Three years after Apple launched the App Store for iPhone, even your granny has heard of apps, and any smartphone worth its salt is stuffed with them.
Now the new frontier for apps is your tellybox. The first tentative efforts initially appeared in high-end TVs last year, with the likes of Sony, Panasonic and Samsung incorporating internet-connected widgets such as weather and news.
But this year Samsung goes the whole hog with its Smart TV range, which promises a swathe of smartphone-like apps and full access to the internet with its web browser.
Mercifully, this tech doesn't feature only in the eyewateringly expensive top of the range, which runs as high as €5,000, but has trickled down to 32-inch sets starting at €700, too.

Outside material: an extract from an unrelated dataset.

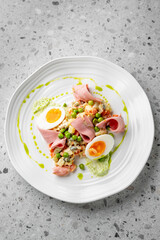 A gourmet dish featuring sliced ham, boiled eggs with runny yolks, peas, and a colorful mixed vegetable salad, elegantly plated with green sauce on a white plate against a speckled grey background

Digital Life tried out Samsung's €1,750 D8000, a sophisticated Smart TV just 8mm thick boasting remarkable picture quality and a wealth of features, including 3D and Saorview.
But we're here for the apps, and Samsung groups everything neatly into one screen it calls Smart Hub. Once you've connected the TV to the internet via your WiFi or Ethernet, you can download dozens of apps such as Facebook, Google Maps, Twitter, internet radio and BBC News, play simple games, such as Sudoku, and stream video from the likes of YouTube and Vimeo. You can even Skype with an optional €150 camera.
Samsung also does its bit to push 3D with a video app offering a welcome collection of cartoons, documentaries and trailers in the third dimension.
None of the apps costs a bean, except the so-so Acetrax movie service, which offers a small selection of Hollywood hits to rent or buy.
If the apps don't grab you, there's always the full web browser which, thanks to its Flash compatibility, also allows access to services, such as RTÉ Player and TV3 Catch-up.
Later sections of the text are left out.